UK - Companies will have to put £10bn a year into schemes over the next decade to plug their growing FRS17 deficits, Watson Wyatt claims.
Watson Wyatt’s research – which covered the consultant’s client list and all the companies in the FTSE100 – found that the combined FRS17 deficit for all firms ballooned from £10bn at the end of 2001, to £130bn at the end of 2002.
Watson Wyatt partner Robert Hails said that even when a “more reasonable” approach to funding was used, companies still had an aggregate shortfall of £65bn.
He added: “If the value of equities doesn’t recover in the short-to-medium term, then the additional contributions that companies will have to make could be up to £10bn a year over the next 10 years.”
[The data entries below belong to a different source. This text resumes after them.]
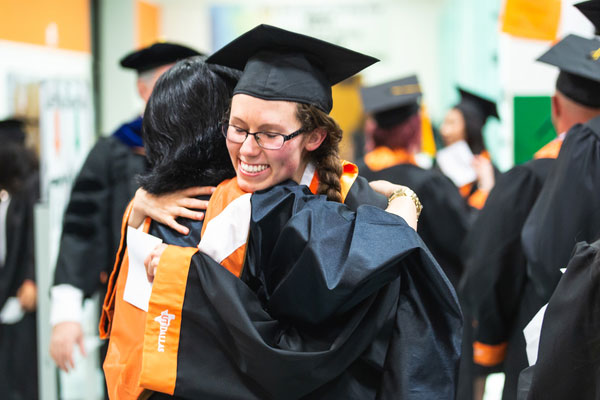 Bachelor's in Marketing students hugging on graduation day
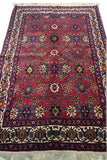 5'0" x 7'0"   Antique Persian Veramin Rug Angle View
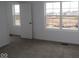 Neutral bedroom with a large window and open door at 17026 Cowbell Dr, Noblesville, IN 46060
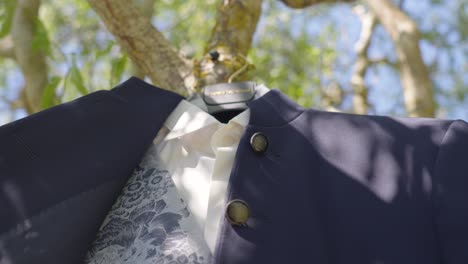 elegant men's suit hanging on a tree outdoors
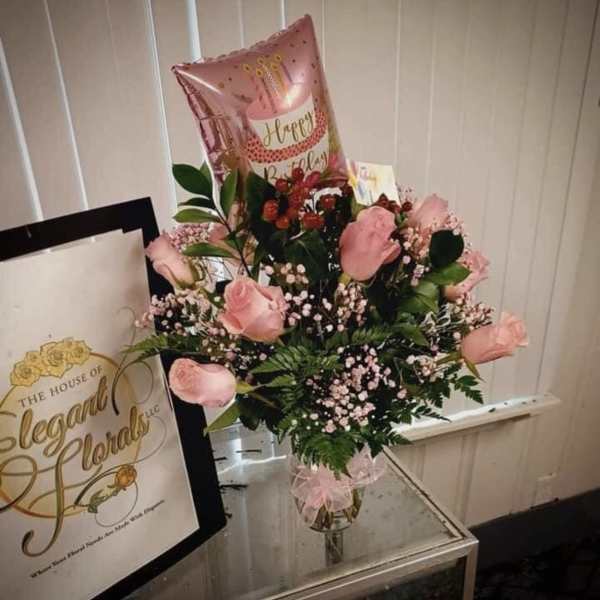 Pink rose bouquet in a glass vase with a birthday balloon and gift bag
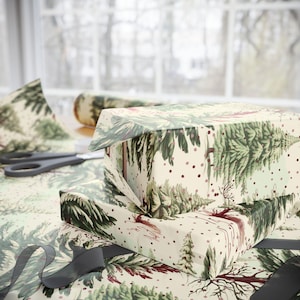 Puede incluir: Cajas de regalo envueltas con papel festivo con un diseño de bosque en colores verde, marrón y crema. La escena incluye tijeras, cinta y papel adicional, lo que sugiere una festividad u ocasión especial. El papel tiene un patrón repetido.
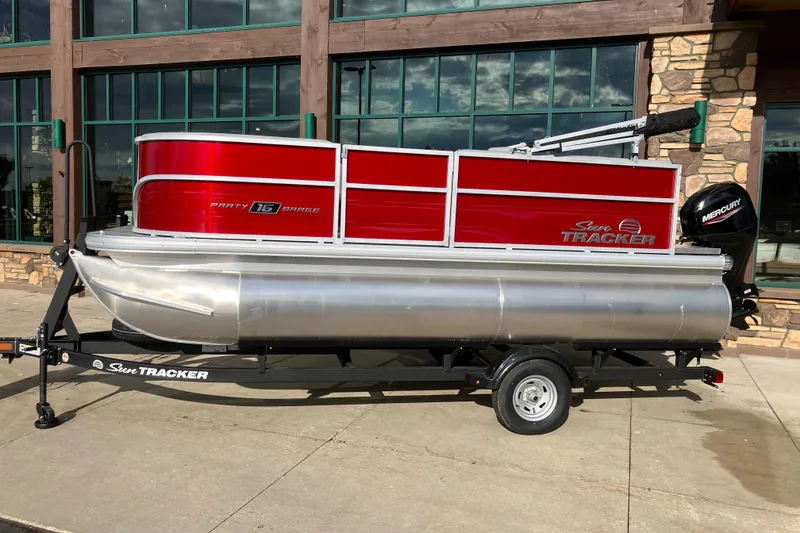 The Image of 2026 Sun Tracker Party Barge 16 DLX pontoon boat on trailer, red and silver design. - 0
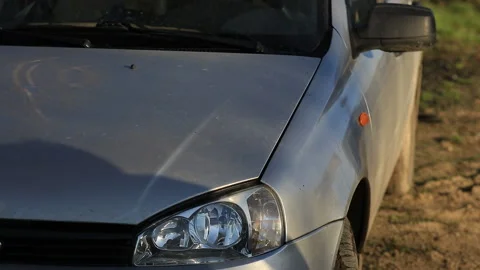Young attractive man perfusing with water his silver car Stock Footage 91339916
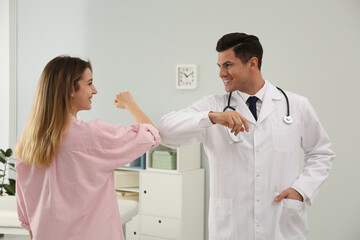 Wall Mural - Doctor and patient doing elbow bump instead of handshake in clinic. New greeting during COVID-19 pandemic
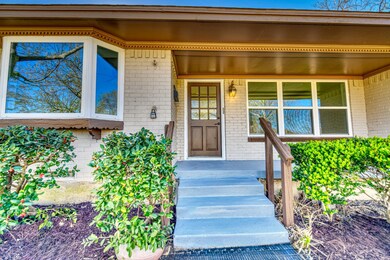 Doorway to property featuring brick siding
Lane Clark & Peacock partner Alex Waite thought that the growing deficit would force more companies into either closing their defined benefit schemes or cutting benefits.
“The question you’ve got to ask is are companies going to actually fund that £130bn hole or is it going to turn out to be that members are not going to get their benefits.”
Separate research carried out by actuarial consultants and pensions specialists, UBSL calculated that FTSE100 companies’ pension schemes alone have lost £68bn in value since the start of 2002 taking their overall pension fund deficits at December 31 to £72bn.
UBSL director Rob Dales said worst fears of many FTSE100 finance directors were realised after they saw their pension shortfalls grow by £13bn in the last quarter of 2002
*Worldwide institutional pension fund assets have fallen for the third consecutive year, Watson Wyatt says.
Total scheme assets last year fell 12% or US$1.4trn (£871.3bn) to US$10.7trn – levels last seen in 1997.
Watson Wyatt global head of investment practice Roger Urwin said: “Although it is anticipated this trend is not likely to continue, most funds face difficult decisions and will turn to either higher contributions, changed investment strategies or revised benefits or a combination to restore balance sheet strength.”